Self-healable polyurethanes (PUs) containing reversible dynamic bonds have been widely recognized and rapidly developed in recent years. Because the self-heal capability and mechanical properties of materials are mutually exclusive in nature, it is still a formidable challenge to design a highly efficient self-healable and robust PUs, especially in wearable electronics field. Herein, a series of self-healable thermosetting PU elastomer based on widely used phenolic urethane bond was prepared to achieve above requirements.
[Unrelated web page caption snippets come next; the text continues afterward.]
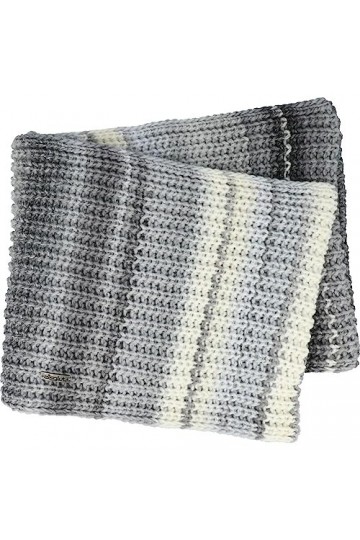 Eisglut Naylal Loop Écharpe pour Temps Froid, Argenté chiné, 77x25cm Femme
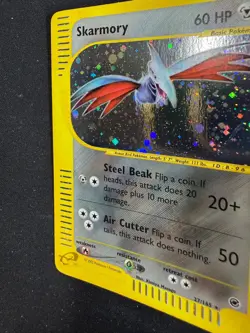 Pokemon Skarmory 27/165 Expedition Rare Holo Unlimited Wizards IT Carte Vinta - Image 4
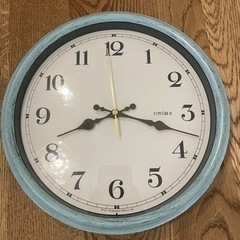 お話中　北欧風　電波掛け時計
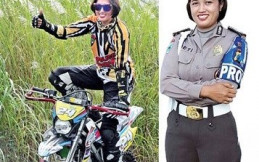 Bripka Deti Meivani, Polwan yang Gemar Trail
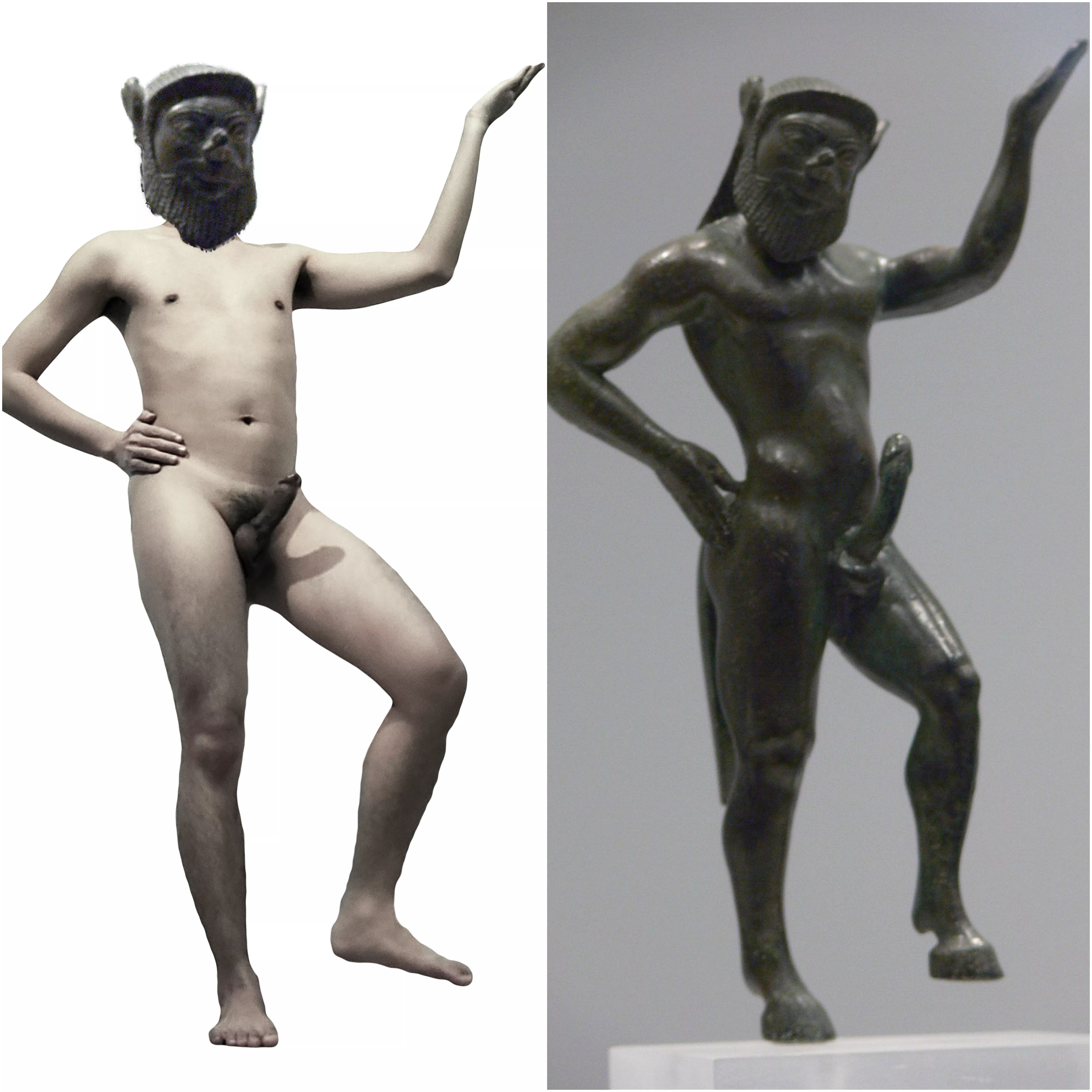 An attempt at being Statue of Satyr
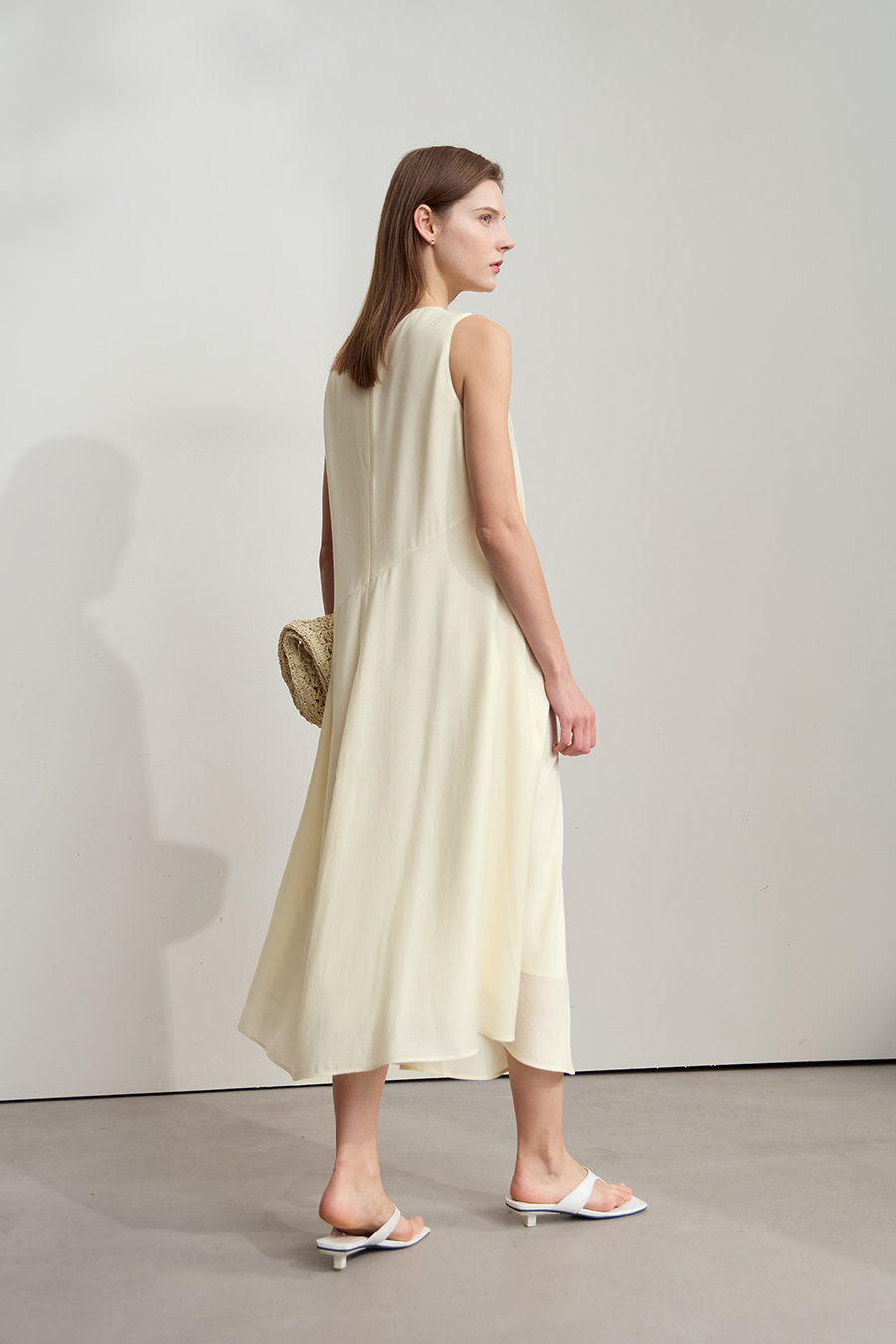 Acetate Blend Dress
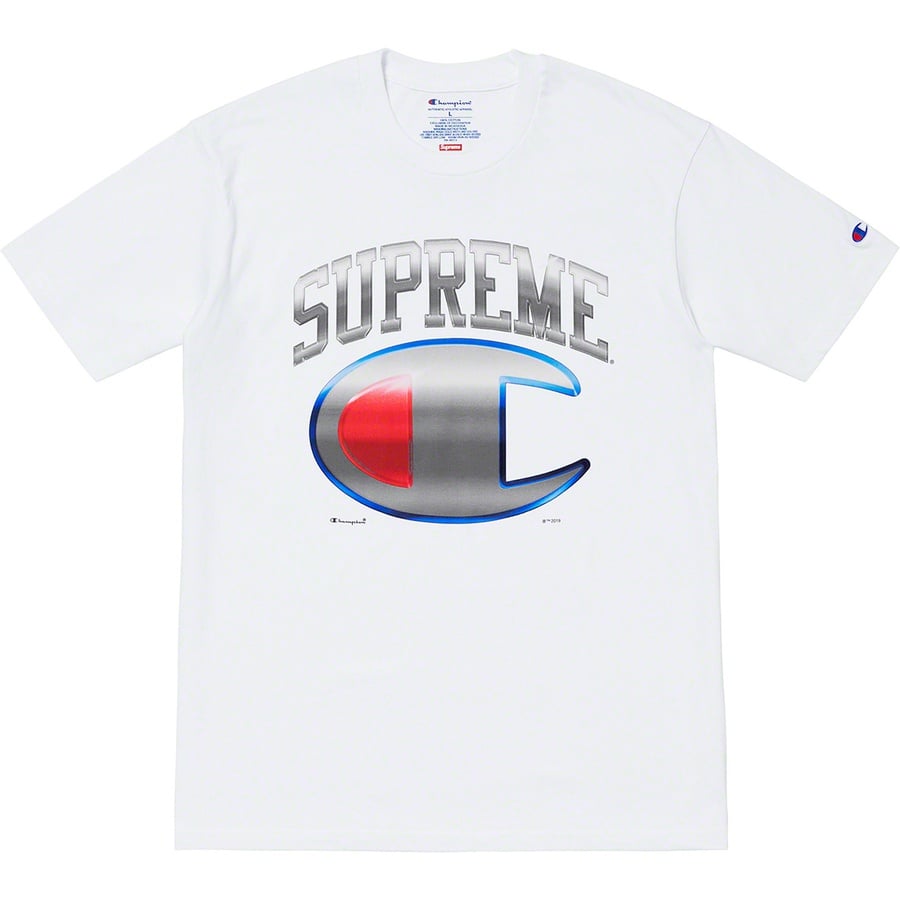 Details on Supreme Champion Chrome S S Top from spring summer
                                            2019 (Price is $48)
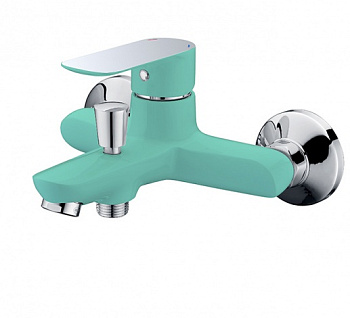 Смесители Triton для ванны, корот. излив, бирюзовый 16304 L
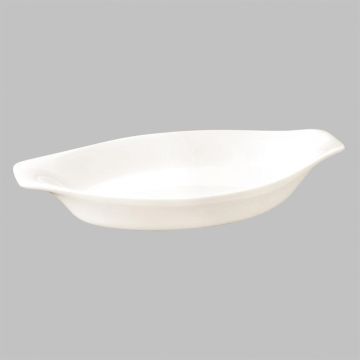 Блюдо овальное 21,5*11,5 см с ручками белое фарфор P.L. Proff Cuisine [9]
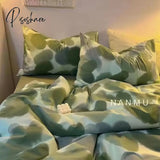 Pisoshare Solid White Fashion Style Bedding Set Twin Full Queen King Size Bed Linen Adults Kids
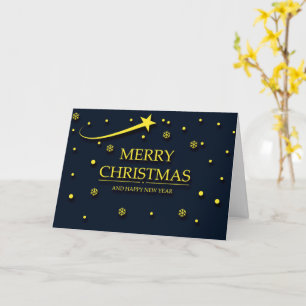 Frohe Weihnachten Bearbeiten Text in Gold Blau Karte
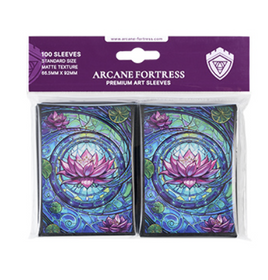 Arcane Fortress - Standard Art Sleeves - Stained Glass Blossom Grace 100ct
In order to investigate the effect of introducing different bisphenol chain extenders into the hard segment domain on the dissociation temperature of phenolic carbamate bond, both bisphenol A (BPA) and bisphenol AF (BPAF) were used to synthesize thermosetting PU elastomers (PU-BPA and PU-BPAF). The healing efficiency of PU-BPA was 95% with a thermal treatment at 100 °C for 1 h, and its initial dissociation temperature was 90 °C. Due to the presence of trifluoromethyl (-CF3) group, the thermal self-healing efficiency of PU-BPAF was improved, which could be completely healed (100%) at the same conditions and its initial dissociation temperature was reduced to 80 °C. PU-BPAF were used to prepare a self-healable triboelectric nanogenerator (SH-TENG) to convert mechanical movements into electrical energy that can be applied to next-generation wearable devices.Their measured open circuit voltage, short circuit current, short-circuit charge quantity were 240 V, 2.20 μA, 20 nC, respectively. In addition, the PU-BPAF based SH-TENG exhibited better self-cleaning ability (83%) than that of PU-BPA elastomer, which was attributed to the introduction of trifluoromethyl reducing the surface energy of the material. Consequently, PU-BPAF showed great potentials as a self-healable and stretchable conductor to be applied to flexible electronic devices.